There's excellent news from the Lab
about plans to eventually support embedded MP4s. This has been a
problem because many videos, notably including those hosted on Vimeo,
use this format that does not work with out-of-the-box Chromium
Embedded Framework, the basis of parcel and shared ("Media on a
Prim") media as well as viewer browsers. Although there's no
schedule yet, it's an encouraging development compared to a previous
statement in the Jira that the Lab did NOT plan to support the
format. (This may affect plans for hosting SL-related video content
and for displaying that content.)
On an unrelated topic, there have long
been devices that measure visitor scripts with the goal of
controlling the lag they might cause. In a recent forums thread (
https://community.secondlife.com/forums/topic/448580-avatar-script-count-limit-on-homestead/) some of us took a deeper dive into what such devices might do to be
useful, and what they very often do that is useless -- or worse. To
summarize:
Scripts worn by visitors can lag other
scripts but generally do not contribute to the most common forms of
lag experienced by avatars in a busy region. That's because scripts
are the lowest priority of sim processes, so a lot of avatars in a
region will tax *other* sim resources, squeezing out scripts (and
making script-on-script lag more severe). It can be annoying that
scripts don't get much time to run, but that's rarely best addressed
by reducing the script load itself.
That said, reducing the load of the
most over-scripted visitors can improve responsiveness of other
scripts (such as vendors), and griefers can take over-scripting to
such an extreme that it hurts overall sim performance.
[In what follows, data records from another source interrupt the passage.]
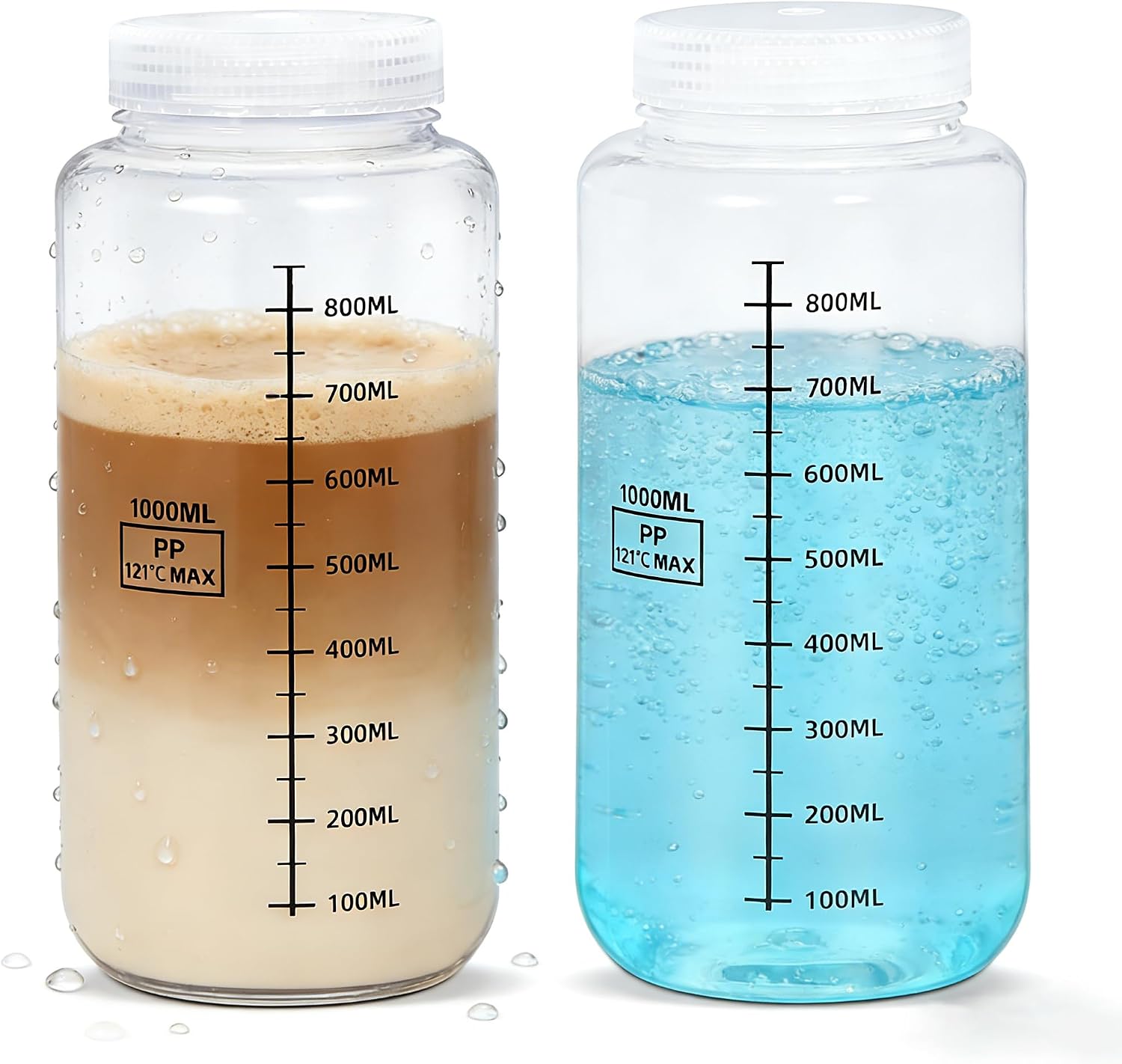 Botellas de plástico de boca ancha de 34 oz/1000 ml con tapas herméticas, recipientes graduados de polipropileno a prueb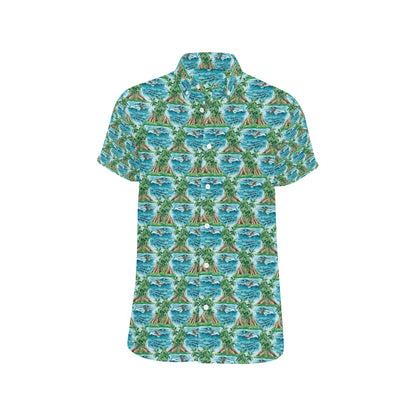 Palm Tree Hawaiian Themed Design Print Men's Short Sleeve Button Up Shirt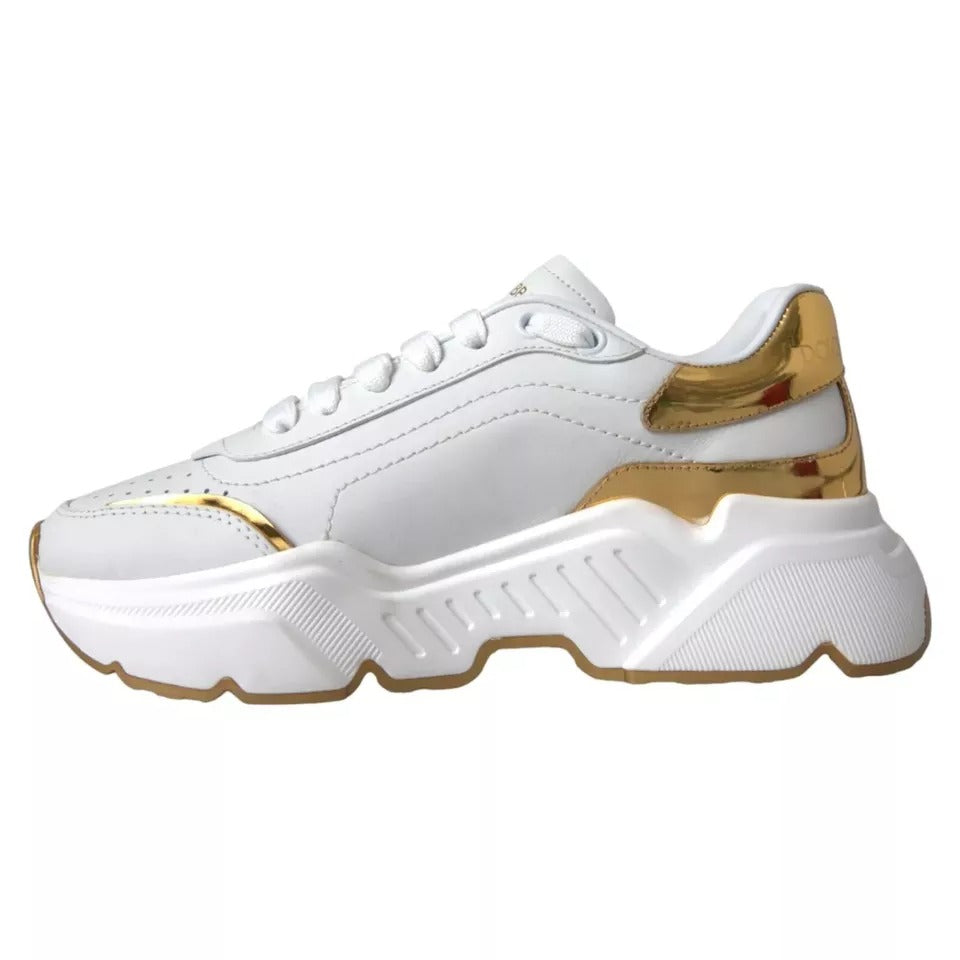 Dolce & Gabbana White Gold DAYMASTER Leather Sneakers Men Shoes MV4300-42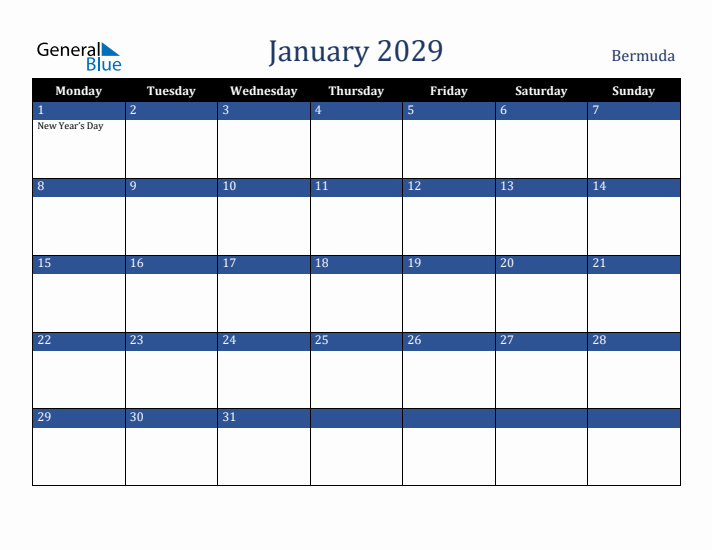 January 2029 Bermuda Calendar (Monday Start)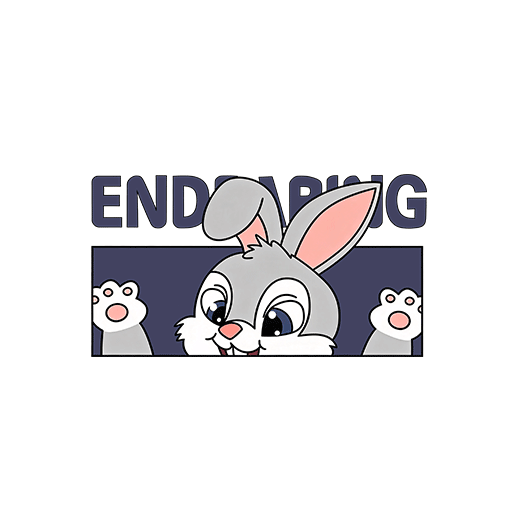 卡通兔子图案手绘兔子头像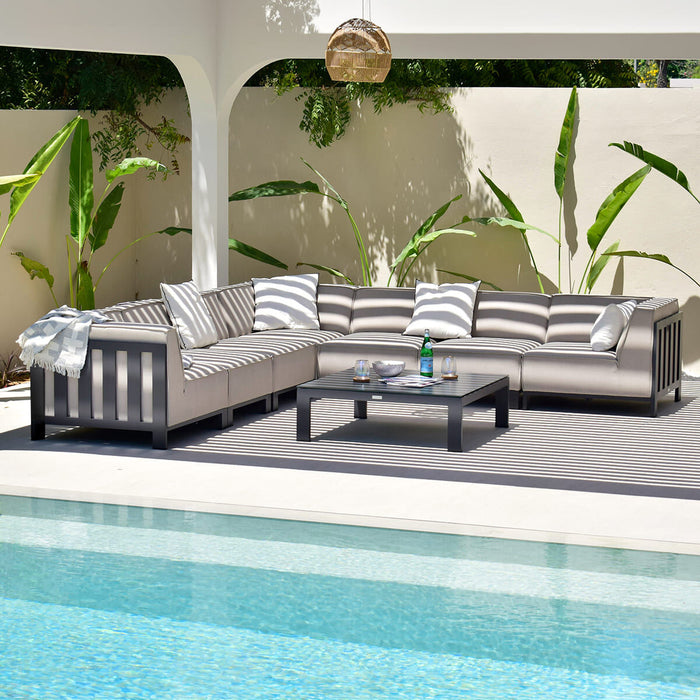 Outdoor Fabric Ibiza Large Corner Sofa Set With Square Coffee Table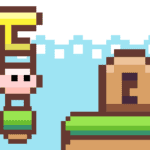 Image of a pixel-perfect character exploring a retro pixelated universe in Cube Adventure game.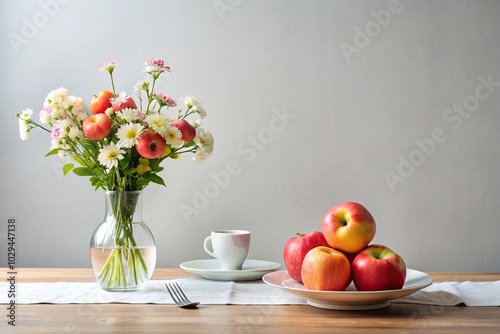 Minimalist table with apples and flower filled vase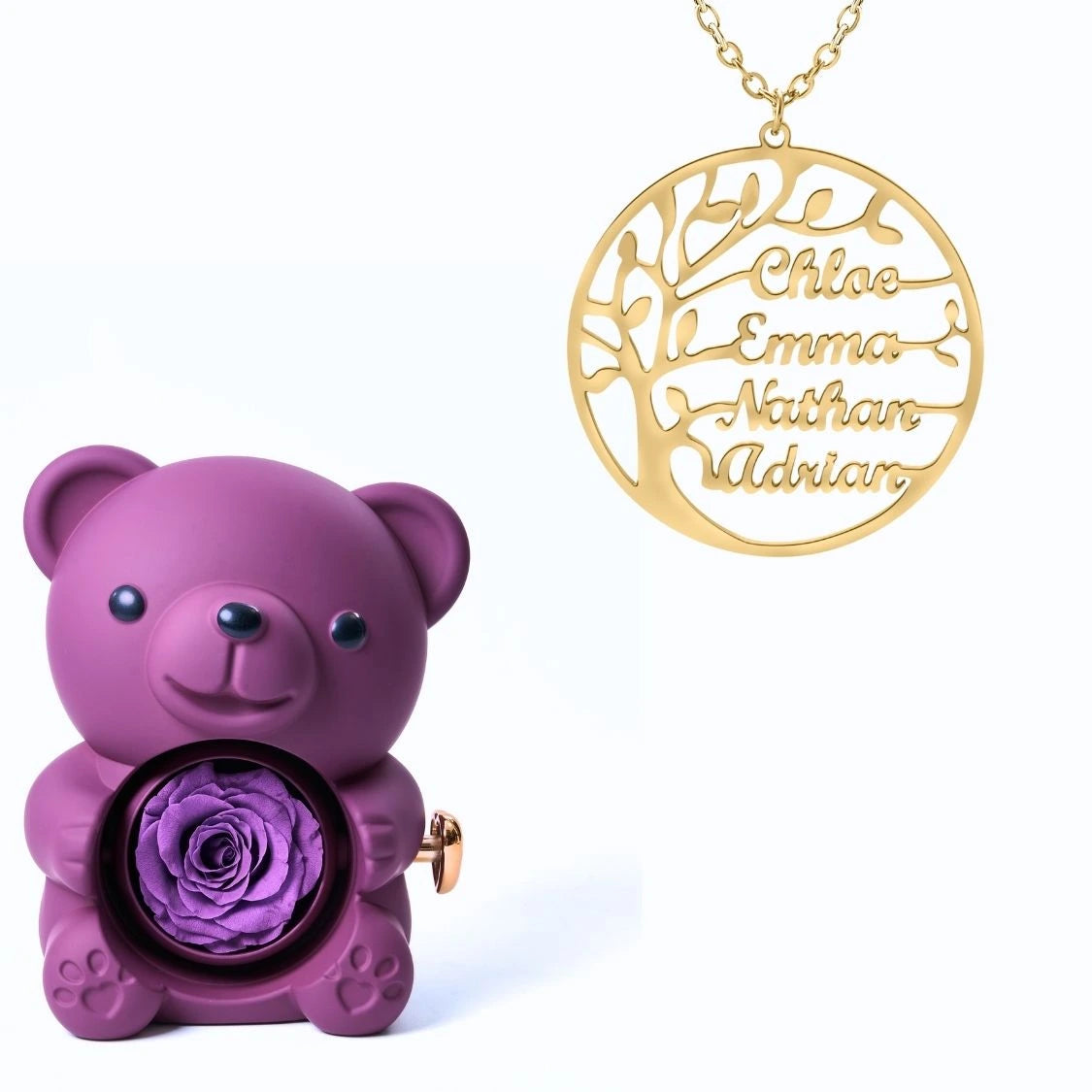 Ours Éternel & Collier Prénom Arbre Généalogique - Arbre de vie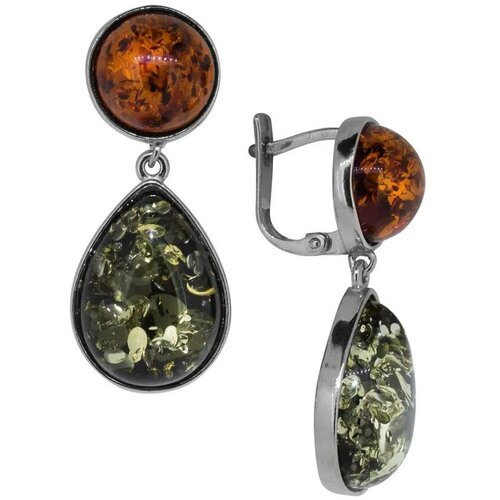 Серьги с подвесками серебро, 925 проба, янтарь, зеленый, оранжевый amberholl аккуратные серебряные серьги зигзаг с тремя вставками натурального коньячного янтаря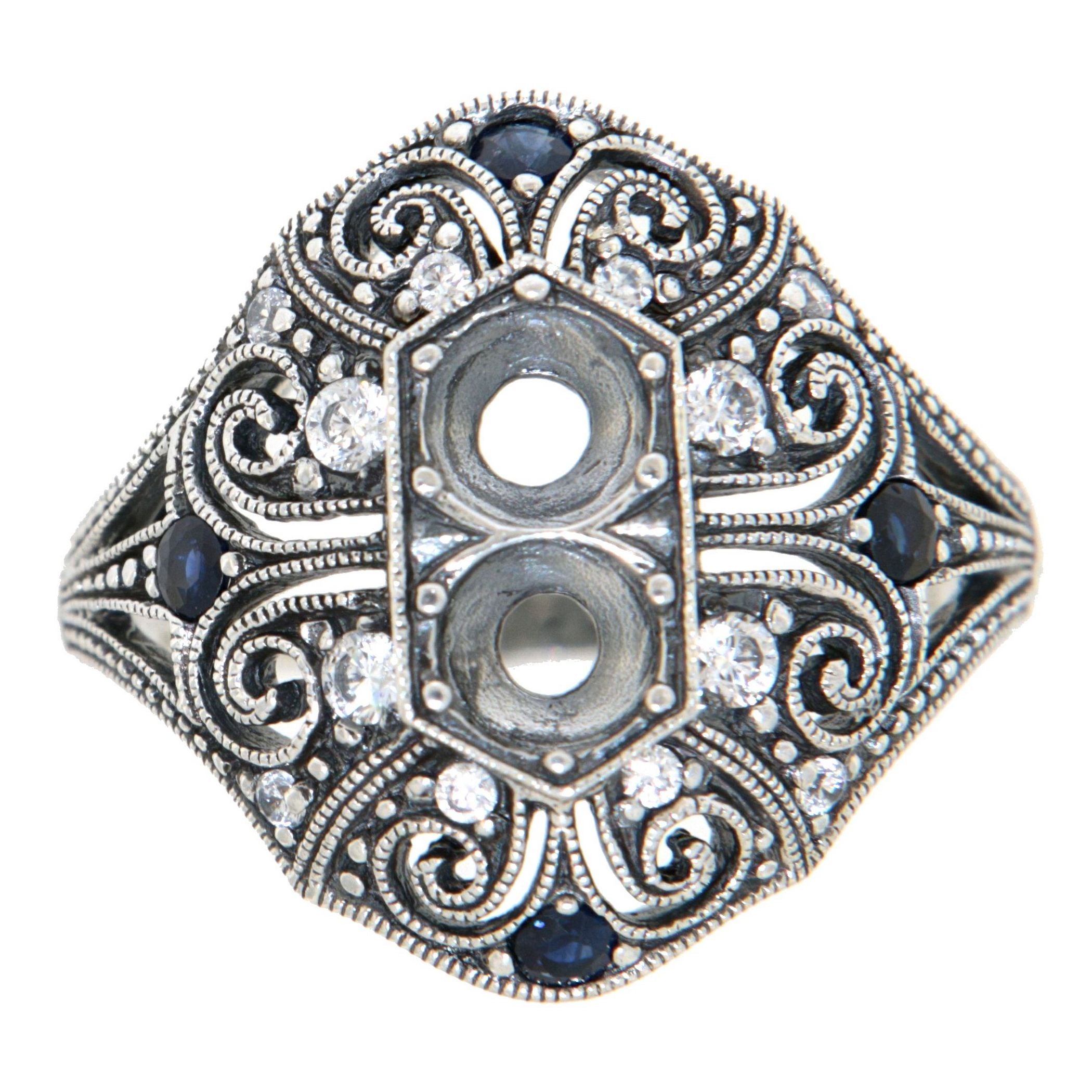 Detail view of 4.5mm Semi Mount / Sapphire Filigree Ring / White Topaz highlighting White Topaz, Sapphire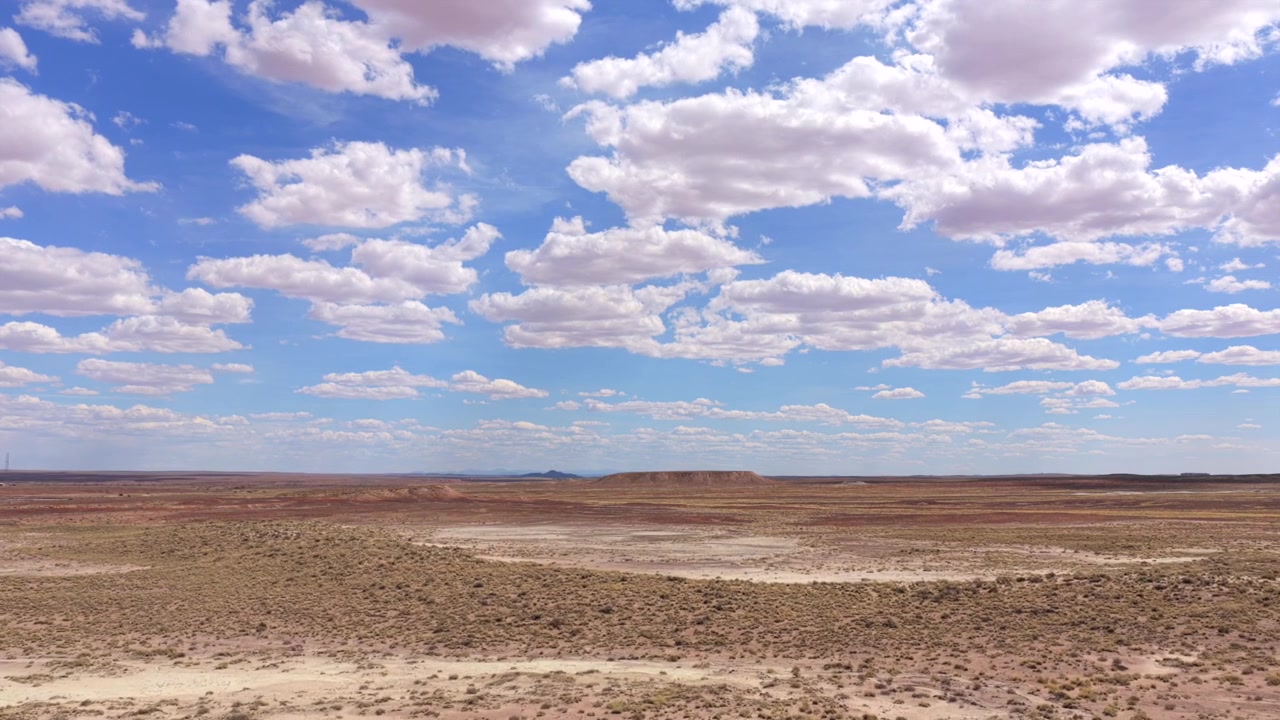 Una vista aerea cattura un ampio volo di drone attraverso il deserto aspro dell'Arizona. Il B-roll professionale presenta l'iconico skyline del sud-ovest e una prospettiva grandangolare della natura selvaggia.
To efficiently find script offenders,
what to measure? Turns out that the simplest metric -- count of
running scripts -- is probably the best option. That's because, as
detailed in the cited thread, both Script Memory and Script Time are
actually measuring something very different from what the names
imply. Script Time in particular is almost impossible to use
responsibly because the more a region is having performance problems,
the less accurately Script Time can be measured in the region and the
longer it takes (20 minutes or more) to settle into a potentially
useful metric.
Worse, the *direction* of inaccuracy is
also a function of time and sim load: when an avatar first arrives in
a busy region, their Script Time measure will be (hugely)
*over*-estimated compared to a less busy region, but later when the
measure stabilizes, the same scripts will show *lower* Script Times
than when the sim is less busy. Indeed an avatar's Script Time
depends less on their scripts than on the performance of the region
and the time since the avatar arrived.